问题
I am using HtmlAgilityPack to parse and manipulate html text. However it seems the DocumentNode.OuterHtml gives missing closing tags.
To isolate the issue now I am doing nothing else just parse and get the OuterHtml (no manipulation):
var document = new HtmlDocument();
document.LoadHtml(myHtml);
result = document.DocumentNode.OuterHtml;
Original: (myHtml)
<!DOCTYPE html PUBLIC "-//W3C//DTD XHTML 1.0 Transitional//EN" "http://www.w3.org/TR/xhtml1/DTD/xhtml1-transitional.dtd">
<html xmlns="http://www.w3.org/1999/xhtml">
<head><meta http-equiv="X-UA-Compatible" content="IE=Edge" /><title>
MyTitle
</title>
OutputHtml: (result) Notice that meta element is not closed
<!DOCTYPE html PUBLIC "-//W3C//DTD XHTML 1.0 Transitional//EN" "http://www.w3.org/TR/xhtml1/DTD/xhtml1-transitional.dtd">
<html xmlns="http://www.w3.org/1999/xhtml">
<head><meta http-equiv="X-UA-Compatible" content="IE=Edge"><title>
MyTitle
</title>
Similarly all input and img elements are leaved open. (Please do not answer that it should not be a problem. Well it should not be, but it is.) Chrome can not render the page correctly.
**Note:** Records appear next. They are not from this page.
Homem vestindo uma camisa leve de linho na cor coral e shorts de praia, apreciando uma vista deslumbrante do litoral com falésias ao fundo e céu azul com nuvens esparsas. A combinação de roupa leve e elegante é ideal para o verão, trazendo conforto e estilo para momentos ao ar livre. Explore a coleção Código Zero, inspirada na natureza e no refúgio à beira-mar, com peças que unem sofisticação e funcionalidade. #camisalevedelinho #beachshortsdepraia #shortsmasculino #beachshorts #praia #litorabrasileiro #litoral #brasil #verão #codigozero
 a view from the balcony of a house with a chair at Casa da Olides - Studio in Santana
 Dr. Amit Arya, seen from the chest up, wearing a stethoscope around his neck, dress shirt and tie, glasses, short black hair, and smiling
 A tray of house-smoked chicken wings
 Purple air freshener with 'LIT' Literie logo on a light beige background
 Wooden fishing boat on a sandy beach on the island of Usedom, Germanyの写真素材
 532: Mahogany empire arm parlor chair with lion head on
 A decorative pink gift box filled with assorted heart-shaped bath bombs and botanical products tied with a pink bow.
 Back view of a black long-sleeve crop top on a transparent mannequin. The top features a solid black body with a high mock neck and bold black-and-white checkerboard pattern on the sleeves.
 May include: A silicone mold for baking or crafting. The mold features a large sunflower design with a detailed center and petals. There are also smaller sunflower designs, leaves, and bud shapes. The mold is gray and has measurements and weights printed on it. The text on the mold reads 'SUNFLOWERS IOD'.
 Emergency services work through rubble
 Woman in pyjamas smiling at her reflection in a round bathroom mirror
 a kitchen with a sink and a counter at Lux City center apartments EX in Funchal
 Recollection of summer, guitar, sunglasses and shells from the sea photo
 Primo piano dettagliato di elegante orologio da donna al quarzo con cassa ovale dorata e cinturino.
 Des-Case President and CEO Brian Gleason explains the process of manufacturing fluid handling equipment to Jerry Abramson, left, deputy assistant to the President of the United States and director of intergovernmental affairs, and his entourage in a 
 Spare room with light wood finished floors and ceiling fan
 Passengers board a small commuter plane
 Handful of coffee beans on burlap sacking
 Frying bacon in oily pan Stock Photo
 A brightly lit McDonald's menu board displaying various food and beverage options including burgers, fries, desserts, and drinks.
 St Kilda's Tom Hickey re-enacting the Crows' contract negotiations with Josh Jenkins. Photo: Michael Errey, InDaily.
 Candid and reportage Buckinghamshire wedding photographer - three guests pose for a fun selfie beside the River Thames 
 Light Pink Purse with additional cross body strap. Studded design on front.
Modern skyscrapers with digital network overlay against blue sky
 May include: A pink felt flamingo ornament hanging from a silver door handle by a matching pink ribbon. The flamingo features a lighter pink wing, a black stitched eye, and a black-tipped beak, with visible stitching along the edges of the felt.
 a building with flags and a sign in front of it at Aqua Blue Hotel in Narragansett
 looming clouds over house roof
Keep reading.
What is more weird:
Original: (myHtml)
<option value="10">Afrikaans</option>
<option value="11">Albanian</option>
<option value="12">Arabic</option>
<option value="13">Armenian</option>
<option value="14">Azerbaijani</option>
<option value="15">Basque</option>
OutputHtml: (result) Notice that that complete explicit closing tags are missing
<option value="10">Afrikaans
<option value="11">Albanian
<option value="12">Arabic
<option value="13">Armenian
Using HtmlAgilitPack latest NuGet package: id="HtmlAgilityPack" version="1.4.9"
回答1:
There are several options that you can set when you are loading the document.
OptionAutoCloseOnEnd
Defines if closing for non closed nodes must be done at the end or directly in the document. Setting this to true can actually change how browsers render the page.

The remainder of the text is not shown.